John Stauffer is professor of English and African American studies at Harvard University, and the editor of 21st Editions, which publishes limited edition photography books. He is the author or editor of twenty books and over 100 articles, including two books that were briefly national bestsellers, Giants: The Parallel Lives of Frederick Douglass and Abraham Lincoln (Twelve, 2008); and State of Jones, co-authored with Washington Post columnist Sally Jenkins (Anchor, 2009).
The Black Hearts of Men (Harvard University Press, 2002) was the co-winner of the Frederick Douglass Book Prize and second place for the Lincoln Prize. The Battle Hymn of the Republic: A Biography of the Song That Marches On, co-authored with Benjamin Soskis (Oxford University Press, 2013), was a Lincoln Prize finalist. His book, Picturing Frederick Douglass: An Illustrated Biography of the 19th-Century's Most Photographed American (W.W. Norton, 2015), was also a Lincoln Prize finalist.
His essays and reviews have appeared in Time, the Wall Street Journal, the New York Times, the Washington Post, the Huffington Post, and in scholarly journals and books.

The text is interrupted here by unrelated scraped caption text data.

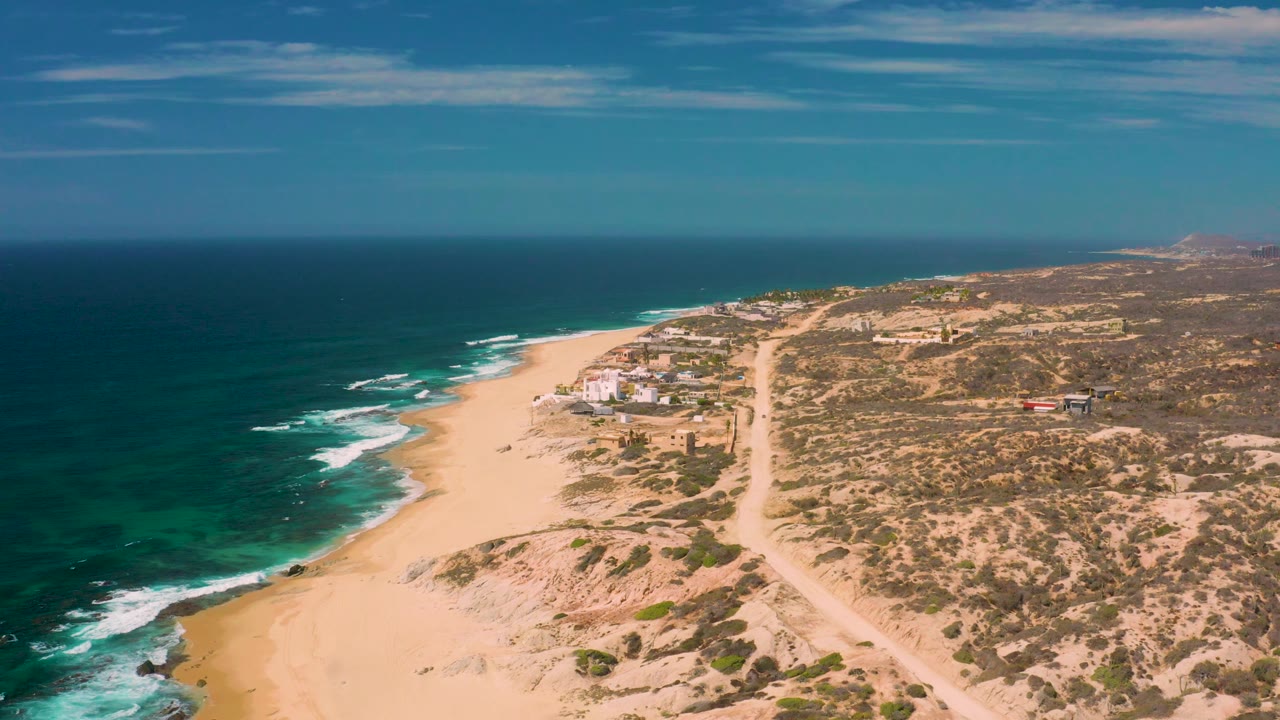 Shipwrecks Beach aerial frame with white surf bands along the left edge, pale sand through the middle, a straight dirt road inland, scattered low structures, hazy distant coastline, and no visible people.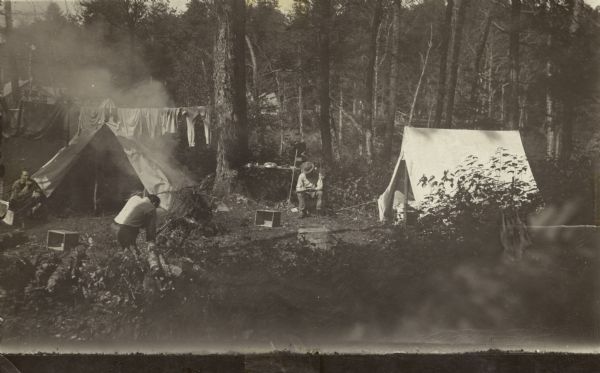 View of a campsite with two tents. One man is kneeling near a campfire blowing smoke over a tent and a line of clothes. Two other men are sitting nearby.<p>The postcard is addressed to C.L. (Neal) Harrington's father, Mr. L.L. Harrington in Hurley, Wisconsin. The handwritten text reads:<p>"Dear Pop:-  I'm dropping you this card mid-weekly for as you probably noticed I'm short on coin. I ordered the new suit the other day and will be called on to pay for it soon. Will you send me the usual amount. I am feeling fine. Hope you are all well. Neal."
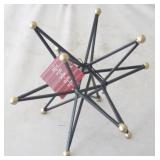 Metal Star Decoration by Three Hands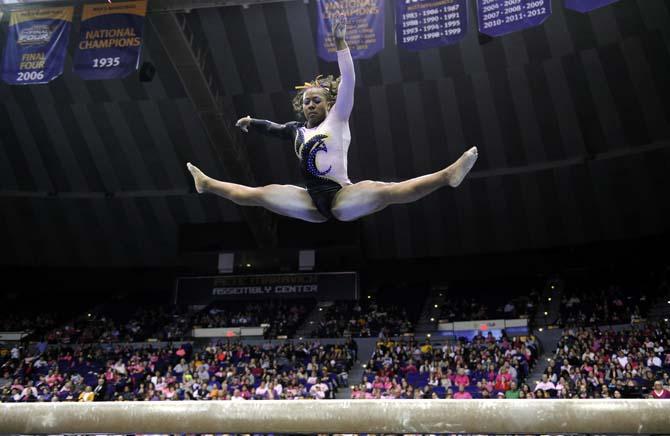 LSU junior all-around gymnast Lloimincia Hall leaps off the beam Friday, March 7, 2014 during the Tigers' 197.500-195.525 victory against NC State in the PMAC.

He has lectured throughout the US and Europe, and was an advisor for the 2012 film Django Unchained, an advisor and contributor to the traveling exhibition, WAR/PHOTOGRAPHY (2012-14); and an advisor and talking head for the documentaries God in America (2010), The Abolitionists (2013), and The African Americans: Many Rivers to Cross (2013); and an advisor to The Free State of Jones (2015).